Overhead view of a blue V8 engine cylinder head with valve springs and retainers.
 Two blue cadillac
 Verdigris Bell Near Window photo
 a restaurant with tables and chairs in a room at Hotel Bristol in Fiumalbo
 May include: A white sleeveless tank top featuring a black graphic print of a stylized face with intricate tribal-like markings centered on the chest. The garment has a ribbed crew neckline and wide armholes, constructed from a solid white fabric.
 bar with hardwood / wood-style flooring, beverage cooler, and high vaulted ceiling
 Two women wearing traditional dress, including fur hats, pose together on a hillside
■ ■ ■ ■ ■ ■ ■
— Problem —
Write out all the material exactly.

— Solution to the problem —
Overhead view of a blue V8 engine cylinder head with valve springs and retainers.
 Two blue cadillac
 Verdigris Bell Near Window photo
 a restaurant with tables and chairs in a room at Hotel Bristol in Fiumalbo
 May include: A white sleeveless tank top featuring a black graphic print of a stylized face with intricate tribal-like markings centered on the chest. The garment has a ribbed crew neckline and wide armholes, constructed from a solid white fabric.
 bar with hardwood / wood-style flooring, beverage cooler, and high vaulted ceiling
 Two women wearing traditional dress, including fur hats, pose together on a hillside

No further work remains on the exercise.